Step 7: Verify Network Interfaces
Run ifconfig -a on both nodes to identify boot IP addresses for all adapters.
At this stage, there should be no alias IPs configured.
Step 8: Configure rhosts for Cluster Communication
Add all boot IPs to /etc/cluster/rhosts on both nodes (one IP per line, no comments).
Ensure /etc/hosts resolves all IPs locally.
Configure /etc/netsvc.conf to prioritize local hostname resolution:
hosts=local4,bind4
Addressing the netmon.cf Warning
# vi /usr/es/sbin/cluster/netmon.cf
! REQD <gateway_IP>
Example:
! REQD 192.168.10.1
Step 9: Restart Cluster Communication Daemon
# stopsrc -s clcomd; sleep 5; startsrc -s clcomd
Step 10: Create the Cluster
On node1, add the cluster and nodes:
# /usr/es/sbin/cluster/utilities/clmgr add cluster <cluster_name> NODES="node1 node2"
Example:
# /usr/es/sbin/cluster/utilities/clmgr add cluster dcp_cluster NODES="indcppha01 indcppha02"
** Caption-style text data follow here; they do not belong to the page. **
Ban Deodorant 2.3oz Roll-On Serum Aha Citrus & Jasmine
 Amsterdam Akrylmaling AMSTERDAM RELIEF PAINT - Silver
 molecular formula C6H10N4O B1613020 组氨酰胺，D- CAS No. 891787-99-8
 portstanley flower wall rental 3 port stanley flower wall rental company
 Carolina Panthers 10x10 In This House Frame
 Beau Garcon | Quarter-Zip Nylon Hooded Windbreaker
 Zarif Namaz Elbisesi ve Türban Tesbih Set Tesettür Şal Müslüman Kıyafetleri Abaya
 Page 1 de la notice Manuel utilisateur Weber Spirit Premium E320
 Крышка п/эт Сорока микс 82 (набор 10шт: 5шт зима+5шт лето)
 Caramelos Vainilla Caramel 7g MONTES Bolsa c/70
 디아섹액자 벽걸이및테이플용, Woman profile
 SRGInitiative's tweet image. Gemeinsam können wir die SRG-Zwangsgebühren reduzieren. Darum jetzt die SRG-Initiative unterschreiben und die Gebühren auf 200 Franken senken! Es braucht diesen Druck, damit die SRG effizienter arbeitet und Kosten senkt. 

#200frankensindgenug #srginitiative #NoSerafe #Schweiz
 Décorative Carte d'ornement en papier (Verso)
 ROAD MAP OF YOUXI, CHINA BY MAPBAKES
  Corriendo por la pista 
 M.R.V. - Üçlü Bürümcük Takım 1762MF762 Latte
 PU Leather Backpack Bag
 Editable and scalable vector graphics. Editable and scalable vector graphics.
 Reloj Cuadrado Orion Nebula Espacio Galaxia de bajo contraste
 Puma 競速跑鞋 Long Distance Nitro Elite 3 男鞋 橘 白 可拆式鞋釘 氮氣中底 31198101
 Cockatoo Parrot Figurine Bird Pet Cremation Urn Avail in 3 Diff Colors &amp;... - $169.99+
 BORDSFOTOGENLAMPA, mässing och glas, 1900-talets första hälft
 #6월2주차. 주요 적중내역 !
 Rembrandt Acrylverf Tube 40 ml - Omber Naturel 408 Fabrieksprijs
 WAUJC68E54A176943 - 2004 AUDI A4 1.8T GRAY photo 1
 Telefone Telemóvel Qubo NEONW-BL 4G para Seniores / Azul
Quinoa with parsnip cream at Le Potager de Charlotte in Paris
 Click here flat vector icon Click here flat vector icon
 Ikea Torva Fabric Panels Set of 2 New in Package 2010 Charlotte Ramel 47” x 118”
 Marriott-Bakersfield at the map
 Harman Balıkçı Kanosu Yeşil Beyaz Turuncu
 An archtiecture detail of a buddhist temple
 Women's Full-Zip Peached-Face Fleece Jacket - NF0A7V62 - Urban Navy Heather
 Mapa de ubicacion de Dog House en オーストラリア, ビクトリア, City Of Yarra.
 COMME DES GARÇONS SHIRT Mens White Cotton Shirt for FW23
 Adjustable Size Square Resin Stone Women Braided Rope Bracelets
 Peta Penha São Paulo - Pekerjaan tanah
Add a repository disk (disable validation for a new disk):
# /usr/es/sbin/cluster/utilities/clmgr add repository <Repository_Disk_PVID> DISABLE_VALIDATION=true
Example:
# chdev -l hdisk4 -a pv=yes --run both nodes
varify PVID both the node
# lspv | grep 00659fa7e0f7be1f
# /usr/es/sbin/cluster/utilities/clmgr add repository 00659fa7e0f7be1f DISABLE_VALIDATION=true
Successfully added a primary repository disk.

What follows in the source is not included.